Expandos III (Liferay, NoSQL, and MongoDB)

Update: The expando-mongodb-hook plugin is now committed to SVN and available from trunk.

Over the past few months the hype around NoSQL type databases had really been heating up the tech news and blog feeds. There seems to be an overwhelming desire to find scallability solutions that don't seem to be addressed with an RDBMS. What is Liferay to do?

Could Liferay support some form of NoSQL integration? I think so, and I surely couldn't go long without doing something to draw attention to the fact that Liferay is a prime candidate as a viable platform for scalling dynamically via a NoSQL backend.

The most obvious way I could see to leverage a NoSQL solution was with perhaps the most dynamic aspect of the portal, Expandos (and by association Custom Fields).
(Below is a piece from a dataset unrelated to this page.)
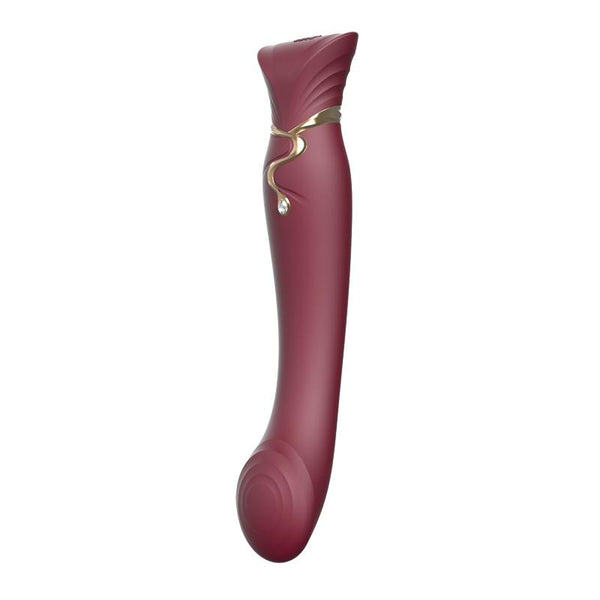ZALO USA Queen Set Wine Red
In order prove the concept of NoSQL with Liferay we decided to write an adapter (using a Liferay Hook pattern) to build a backend for Expando on MongoDB. I had no real idea how long it would take to accomplish but we decided to try. As it turns out it was not too difficult. We now have a fully functional adapter to store all of Liferay's dynamic Expando data in a highly scalable MongoDB. But note that Expandos still support all Liferay permissions. And Custom Fields are still indexed along with the entities anywhere they would be normally. This is a fantastic demonstration of just how extensible Liferay portal really is.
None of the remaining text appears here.